Hey, Brooklyn Heights, we’re being dramatized again. A new play by acclaimed and well-traveled scriptwriter Martin Casella, “The Irish Curse,” opened July 7 at the Odyssey Theatre in Los Angeles, and is set in our humble hood.
The dramedy revolves around a group of Irish-American men who meet weekly in a Catholic church basement in Brooklyn Heights as part of a self-help group for guys who believe they are cursed because they possess… small winkies. The alleged Irish trait, they believe, has ruined their lives, and therein lies the theme: “a revealing portrait of how men and society define masculinity, male identity and the relationships” men face in their daily lives.
Directed by Andrew Barnicle, “The Irish Curse” is praised for its “spunky, fiery humor, a crafty analysis of contemporary relationships, both straight and gay, and an unexpected keen exploration of how the issue affects our political and cultural world,” according to Broadway World. It’s “a funny and stimulating evening of theater, especially for men with problems of insecurity and the women who love them in spite of it.”
The play premiered at the New York International Fringe Festival with a sold-out run in 2005, winning the Overall Excellence Award for Outstanding Playwriting. It was also staged at the 2006 Edinburgh Fringe Festival.
Here’s more from the Broadway World review:
Set in Brooklyn Heights, N.Y., three weekly regulars join Father Kevin Shaunessy (Joe Pacheco): Joseph Flaherty (Scott Conte), a lawyer, Rick Baldwin (Austin Hebert), a student in sports medicine and Stephen Fitzgerald (Shaun O’Hagan), a gay cop. Father Kevin brings in newcomer Kieran Riley (Patrick Quinlan), a roofer recently transplanted from Ireland.
It’s a weekly discussion group for all, who have small penises. As part of the issue, there’s the factor of loneliness that automatically plays into their lives. Joseph, for example, was happily married with two little girls, until his wife and he grew further apart; Stephen has anonymous sex only and refuses to have a relationship with anyone. Rick is so embarrassed he wears a sock in his crotch. Even quiet Father Kevin opens up for the first time at this meeting, due to Kieran’s insistence that everyone airs their feelings in an effort to help him face a marriage that terrifies him. He truly loves his fiance but cannot tolerate the thought of her rejecting him.

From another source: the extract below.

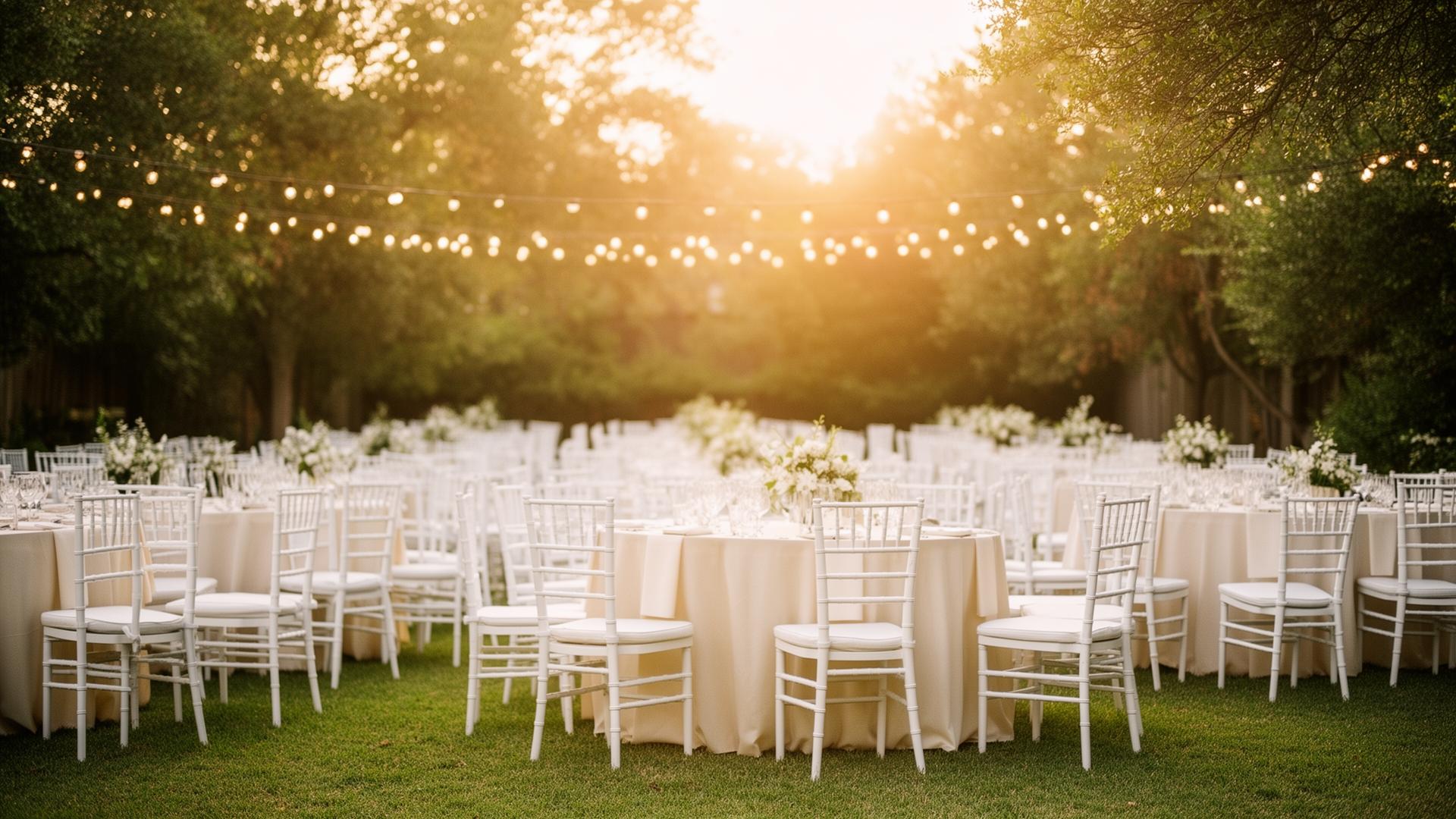 Elegant outdoor event with white chairs and tables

The funniest moments present themselves when the men must face macho habits honestly, like why men carry guns or why they wage war. It is not hatred, but the unmitigated fear that others may have bigger endowments than they do. It’s one hilarious pouring forth of male insecurity: funny but simultaneously sad and unproductive. Where do thoughts of warmth and love figure into the big picture? Casella does not disappoint.
This is hardly a picnic; it’s not “Puppetry of the Penis,” but a therapeutic, healing play in which honesty is at the core. And with honesty, anger and frustration come pouring out. Andrew Barnicle has directed the five men with great understanding, clarity and with a strong emphasis on heart. Thomas A. Walsh’s scenic design of the parish’s basement meeting hall is amazingly true to life.